EXERCISE DIRECTIONS:
All of the data is to be printed exactly, though the images must be left off.
═════ EXERCISE DATA ═════
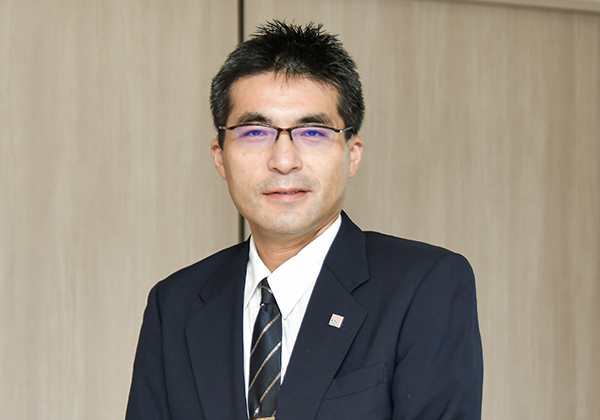 スタッフ紹介
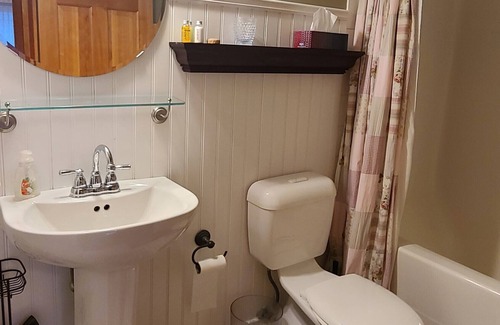 Banff Bed & Breakfast | Maple Room in Banff National Park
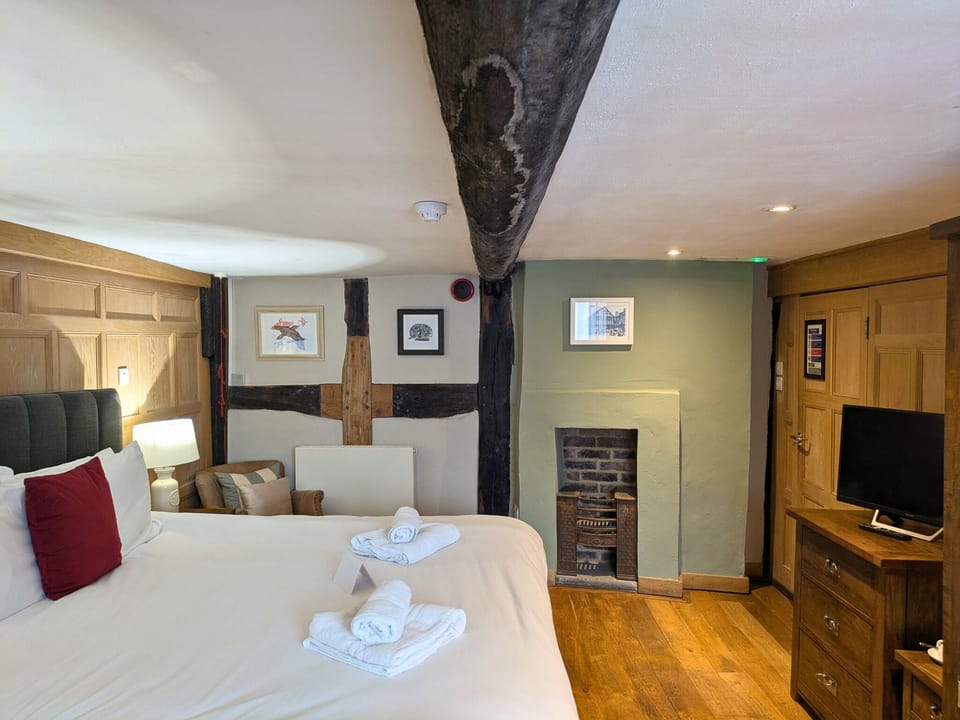 Deluxe Double or Twin Room, 1 King Bed | Frette Italian sheets, premium bedding, desk, iron/ironing board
═════
WRITTEN SOLUTION:
 スタッフ紹介
 Banff Bed & Breakfast | Maple Room in Banff National Park
 Deluxe Double or Twin Room, 1 King Bed | Frette Italian sheets, premium bedding, desk, iron/ironing board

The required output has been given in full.